(Dataset excerpts)
--- --- ---

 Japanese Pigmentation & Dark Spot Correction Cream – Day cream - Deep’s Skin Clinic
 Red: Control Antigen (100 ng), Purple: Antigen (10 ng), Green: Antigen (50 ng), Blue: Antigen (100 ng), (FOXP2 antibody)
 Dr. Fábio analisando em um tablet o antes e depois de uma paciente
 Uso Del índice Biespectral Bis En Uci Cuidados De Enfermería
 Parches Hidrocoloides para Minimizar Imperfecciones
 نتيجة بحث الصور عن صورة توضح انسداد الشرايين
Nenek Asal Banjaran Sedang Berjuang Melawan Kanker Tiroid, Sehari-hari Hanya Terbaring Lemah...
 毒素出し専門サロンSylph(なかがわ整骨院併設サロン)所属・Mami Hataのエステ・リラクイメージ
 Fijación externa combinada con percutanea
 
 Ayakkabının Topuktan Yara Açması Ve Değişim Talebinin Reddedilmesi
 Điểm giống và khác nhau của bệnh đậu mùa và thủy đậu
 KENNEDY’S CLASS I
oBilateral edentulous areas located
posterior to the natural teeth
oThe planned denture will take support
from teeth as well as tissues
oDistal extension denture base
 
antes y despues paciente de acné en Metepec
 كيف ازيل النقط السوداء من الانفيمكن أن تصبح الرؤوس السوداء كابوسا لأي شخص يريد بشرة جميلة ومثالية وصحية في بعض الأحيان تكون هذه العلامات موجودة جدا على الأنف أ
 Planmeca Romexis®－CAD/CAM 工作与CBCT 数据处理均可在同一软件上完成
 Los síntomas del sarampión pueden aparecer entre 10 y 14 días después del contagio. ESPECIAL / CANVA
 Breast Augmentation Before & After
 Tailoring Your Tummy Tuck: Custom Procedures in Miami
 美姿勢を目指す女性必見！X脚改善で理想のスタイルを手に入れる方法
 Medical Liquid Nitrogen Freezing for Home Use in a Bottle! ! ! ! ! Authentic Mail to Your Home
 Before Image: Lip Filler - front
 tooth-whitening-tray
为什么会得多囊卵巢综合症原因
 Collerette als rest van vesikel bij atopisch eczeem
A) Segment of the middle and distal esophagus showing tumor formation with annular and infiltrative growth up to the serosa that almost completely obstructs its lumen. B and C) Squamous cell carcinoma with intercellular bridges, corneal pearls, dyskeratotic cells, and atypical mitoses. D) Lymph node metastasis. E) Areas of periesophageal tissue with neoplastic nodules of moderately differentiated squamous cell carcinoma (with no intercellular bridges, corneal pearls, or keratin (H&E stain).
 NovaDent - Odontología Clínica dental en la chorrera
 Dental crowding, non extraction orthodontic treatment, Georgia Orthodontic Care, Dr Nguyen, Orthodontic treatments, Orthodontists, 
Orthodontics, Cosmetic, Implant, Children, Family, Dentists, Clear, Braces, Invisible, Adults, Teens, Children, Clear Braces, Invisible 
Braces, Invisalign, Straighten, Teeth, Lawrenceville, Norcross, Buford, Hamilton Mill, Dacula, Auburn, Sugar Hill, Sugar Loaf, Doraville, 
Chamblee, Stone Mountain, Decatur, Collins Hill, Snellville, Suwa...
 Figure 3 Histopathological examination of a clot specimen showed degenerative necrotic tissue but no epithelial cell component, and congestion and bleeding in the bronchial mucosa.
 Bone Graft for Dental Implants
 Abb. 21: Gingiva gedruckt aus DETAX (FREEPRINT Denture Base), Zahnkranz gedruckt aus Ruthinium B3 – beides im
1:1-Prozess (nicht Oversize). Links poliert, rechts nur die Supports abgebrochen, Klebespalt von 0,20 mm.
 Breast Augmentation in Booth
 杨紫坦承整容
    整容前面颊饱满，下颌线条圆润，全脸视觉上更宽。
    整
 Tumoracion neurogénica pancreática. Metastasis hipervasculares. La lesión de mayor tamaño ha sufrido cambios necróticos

--- --- ---

**Problem to work on**
Your answer should consist of all lines above that include the string "Augmentation".

**Exercise output**
 Breast Augmentation Before & After
 Breast Augmentation in Booth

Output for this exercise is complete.